Retype, word for word, every line from the one holding "Krajobraz douro winnic, Pinhão, Portugalia" through the one holding "Regenrest Natur Pflanze" in the entries below, both included, and only those lines.
---------- THE INPUT
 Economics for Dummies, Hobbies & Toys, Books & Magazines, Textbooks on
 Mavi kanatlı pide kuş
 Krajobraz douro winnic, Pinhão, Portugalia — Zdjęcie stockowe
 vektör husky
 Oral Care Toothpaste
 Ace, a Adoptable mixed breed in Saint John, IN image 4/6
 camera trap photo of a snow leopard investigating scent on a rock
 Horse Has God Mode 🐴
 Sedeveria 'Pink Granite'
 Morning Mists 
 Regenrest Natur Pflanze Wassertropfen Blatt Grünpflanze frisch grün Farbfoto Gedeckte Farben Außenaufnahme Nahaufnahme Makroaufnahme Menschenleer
--------------------
---------- THE INPUT
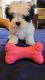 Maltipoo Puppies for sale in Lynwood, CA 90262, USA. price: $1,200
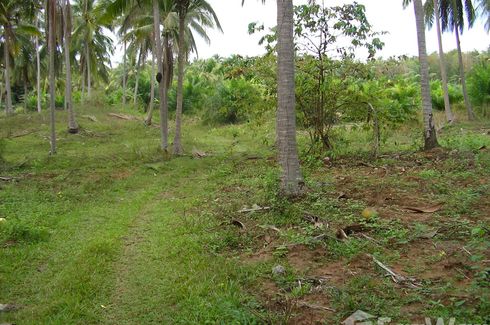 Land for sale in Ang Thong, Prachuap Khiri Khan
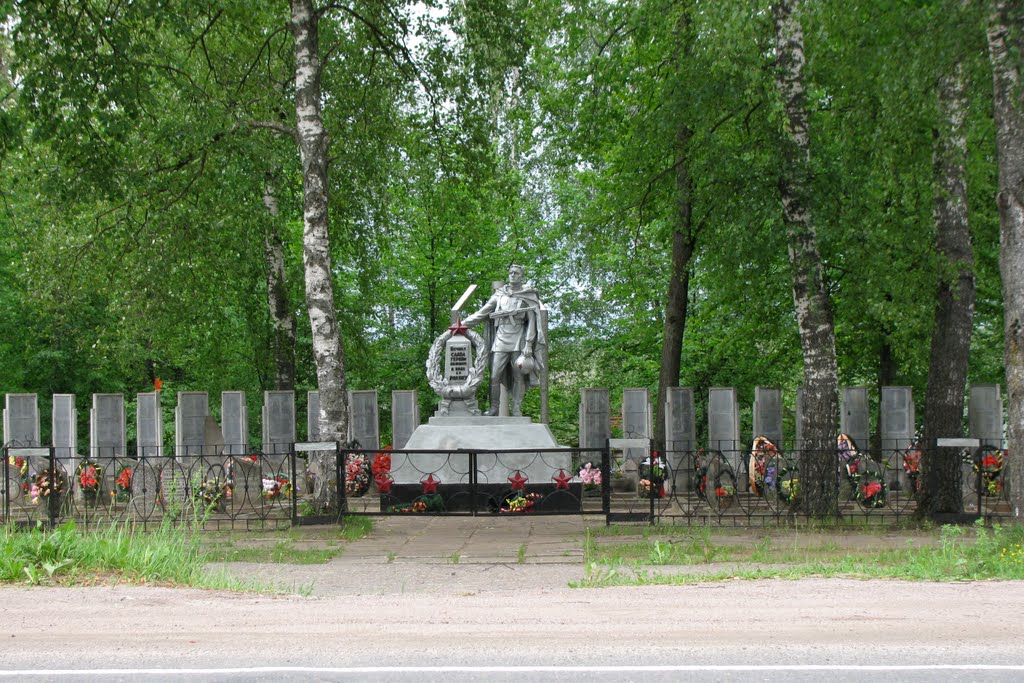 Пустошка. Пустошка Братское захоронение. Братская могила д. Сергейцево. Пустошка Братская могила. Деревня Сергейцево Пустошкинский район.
--------------------
---------- THE INPUT
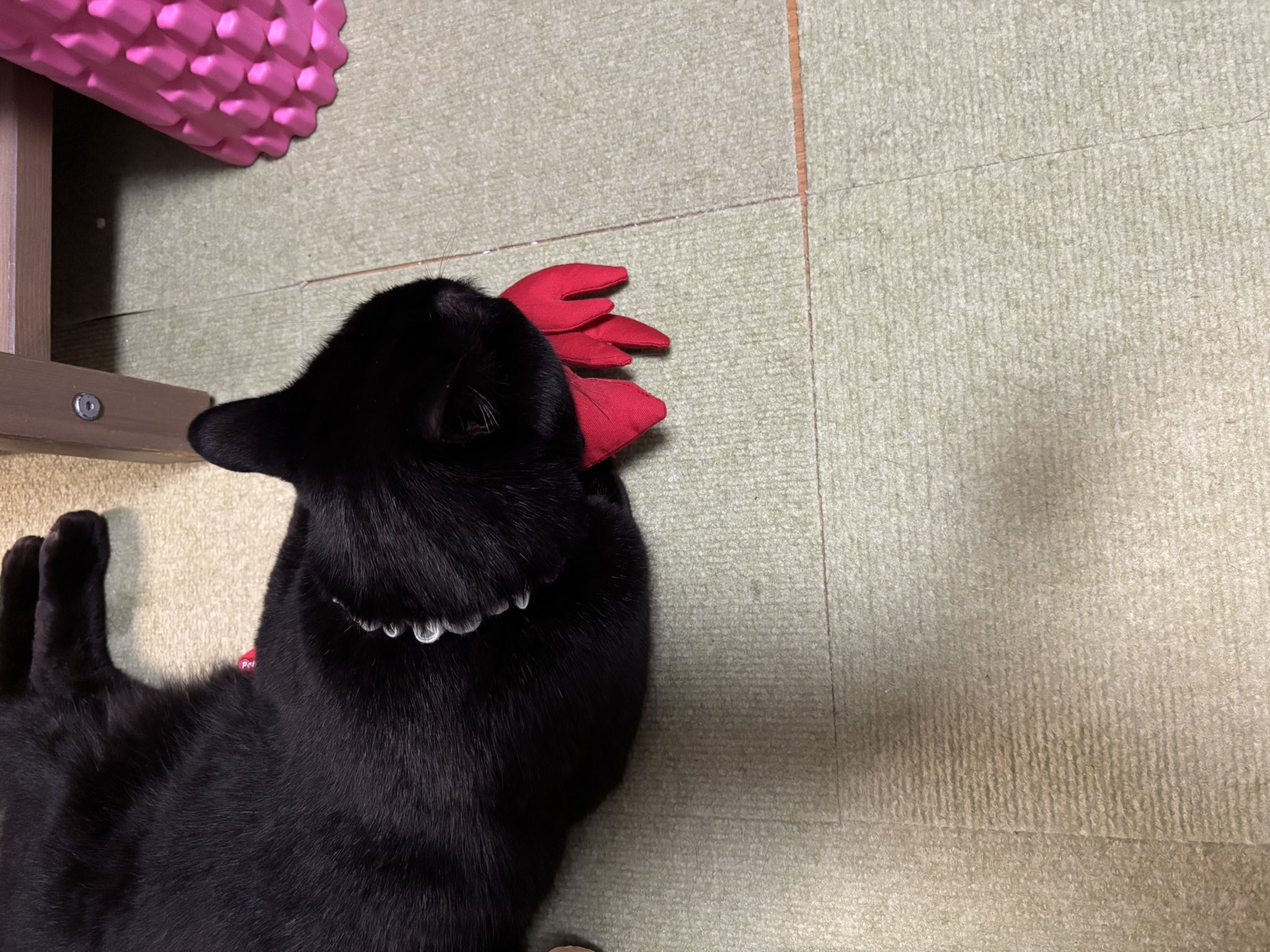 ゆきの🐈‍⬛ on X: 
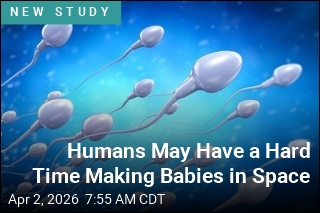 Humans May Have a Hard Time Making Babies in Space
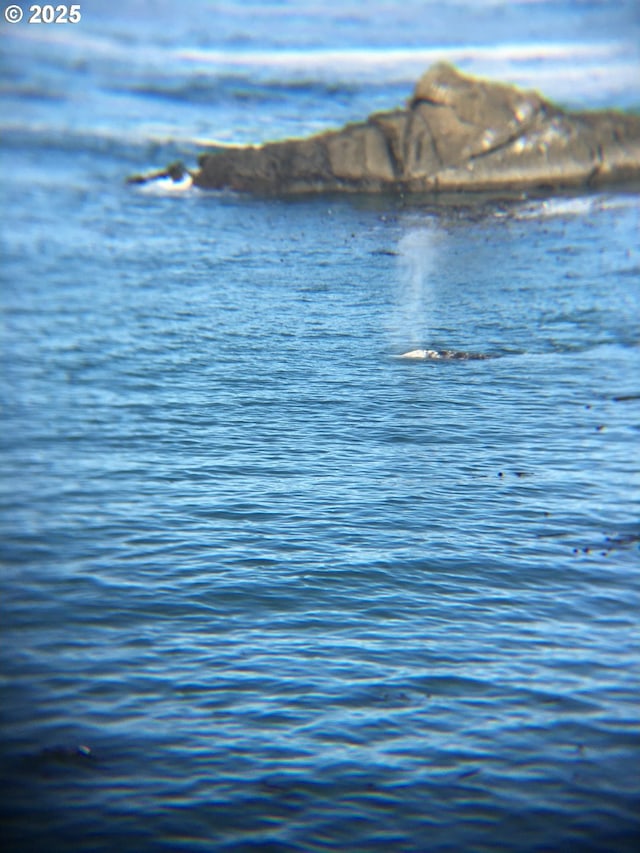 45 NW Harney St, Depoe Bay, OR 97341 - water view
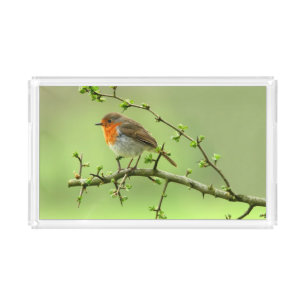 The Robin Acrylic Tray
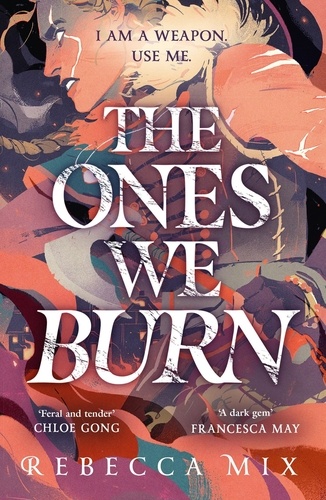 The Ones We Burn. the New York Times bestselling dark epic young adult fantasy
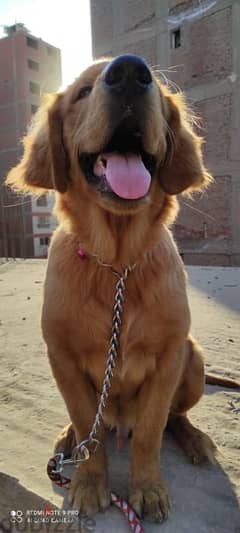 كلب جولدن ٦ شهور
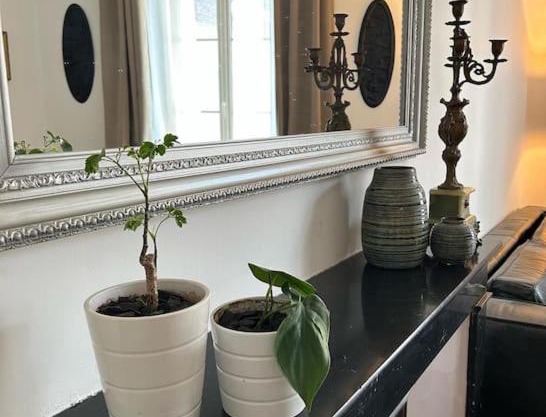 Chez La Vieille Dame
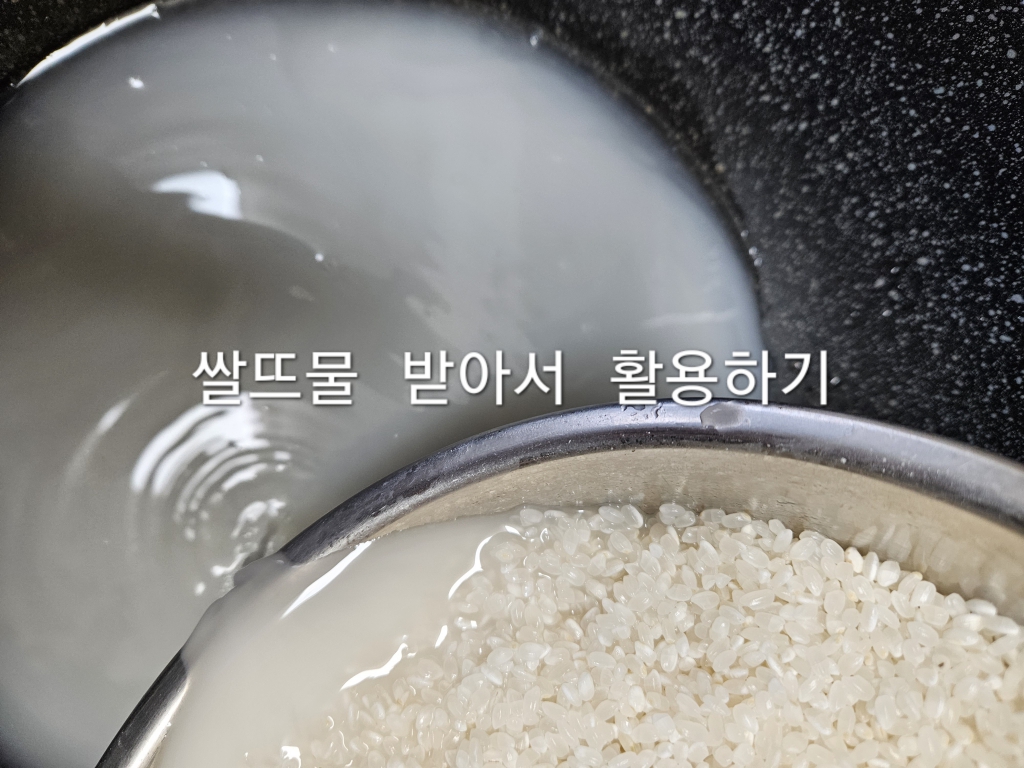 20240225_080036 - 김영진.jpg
--------------------
WRITTEN ANSWER
 Krajobraz douro winnic, Pinhão, Portugalia — Zdjęcie stockowe
 vektör husky
 Oral Care Toothpaste
 Ace, a Adoptable mixed breed in Saint John, IN image 4/6
 camera trap photo of a snow leopard investigating scent on a rock
 Horse Has God Mode 🐴
 Sedeveria 'Pink Granite'
 Morning Mists 
 Regenrest Natur Pflanze Wassertropfen Blatt Grünpflanze frisch grün Farbfoto Gedeckte Farben Außenaufnahme Nahaufnahme Makroaufnahme Menschenleer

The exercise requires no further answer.